There were accusations from Republicans and speculative reports over the weekend that President Joe Biden's Justice Department attempted to interfere with and obstruct the scheduled Monday congressional testimony of Devon Archer, a former business partner and close friend of Hunter Biden, with threats of an impending prison sentence.
Undoubtedly in response to the accusations and speculation, both Archer's attorney and the DOJ itself sought to dismiss those rumors and clarify that Archer was not about to be imprisoned on the eve of his testimony to a congressional committee, BizPacReview reported.
Indeed, Archer did testify behind closed doors to the House Oversight Committee on Monday, and quite predictably, Democratic and Republican members of the committee shared substantially different accounts with the media afterward about what Archer had revealed with regard to the Biden family's alleged corrupt influence-peddling via foreign business deals.
The saga began on "Sunday Morning Futures" when Fox News host Maria Bartiromo, during an interview with Oversight Chairman James Comer (R-KY), about a letter sent Saturday from the DOJ to a federal New York judge requesting him to schedule a surrender date for Archer to report to a federal prison to serve time for an unrelated matter.
Comer noted how "odd" it was for such a letter to be sent on a Saturday and to "nudge the judge" to send Archer to prison on the unrelated matter just prior to his scheduled appearance before Comer's committee about the Biden family's business dealings, and said, "I don’t know if this is a coincidence, Maria, or if this is another example of the weaponization of the Department of Justice."
"But I can tell you this," he continued. "The lengths to which the Biden legal team has gone to try to intimidate our witnesses, to coordinate with the Department of Justice, and to certainly coordinate with the Democrats on the House Oversight Committee, to encourage people not to cooperate with our investigation, to encourage banks not to turn over bank records, to encourage Treasury not to let us have access to those suspicious activity reports -- it’s very troubling."
"I believe that this is another violation of the law, this is obstruction of justice," the chairman added. "But, nevertheless, we’re going to continue to move forward and try to present the American people with the facts and the truth about this president and his family."
The DOJ letter went viral on social media shortly thereafter when New York Post columnist Miranda Devine shared a portion of it and wrote, "The DOJ is trying to arrest Devon Archer ahead of his bombshell testimony Monday about Joe Biden’s involvement in his son Hunter’s Ukraine business when he was VP."
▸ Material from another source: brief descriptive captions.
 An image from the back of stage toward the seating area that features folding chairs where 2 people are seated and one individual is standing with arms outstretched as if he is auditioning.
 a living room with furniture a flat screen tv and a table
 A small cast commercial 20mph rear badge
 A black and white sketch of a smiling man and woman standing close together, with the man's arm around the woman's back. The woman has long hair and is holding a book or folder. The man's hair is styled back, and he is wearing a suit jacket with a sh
"US attorney in the SDNY Damian Williams issued a menacing letter yesterday -- Saturday -- telling Judge Abrams to order Archer to go to jail immediately to serve a one year sentence for his fraud conviction," she added.
That post from Devine, despite being hit with a contradictory note adding context, was subsequently shared by numerous elected Republicans, according to BizPacReview, who each added their own outraged commentary and accusations against the politicized DOJ being used as a partisan weapon by the Biden administration.
By Sunday afternoon, however, CBS News reporter Catherine Herridge shared a statement from Archer's attorney, Matthew Schwartz, who said, "We are aware of speculation that the Department of Justice’s weekend request to have Mr. Archer report to prison is an attempt by the Biden administration to intimidate him in advance of his meeting with the House Oversight Committee."
"To be clear, Mr. Archer does not agree with that speculation," the attorney added. "In any case, Mr. Archer will do what he has planned to do all along, which is to show up on Monday and to honestly answer the questions that are put to him by the Congressional investigators."
Then, just a short while after that, the DOJ issued another letter to the New York judge on Sunday to seemingly clarify that the letter sent one day prior was not intended to interfere with or otherwise obstruct Archer's scheduled testimony before the committee.
"To be clear, the Government does not request (and has never requested) that the defendant surrender before his Congressional testimony," the letter stated, and added, "Nonetheless, for the avoidance of all doubt, the Government requests that any surrender date, should the Court order one, be scheduled to occur after the defendant’s Congressional testimony is completed."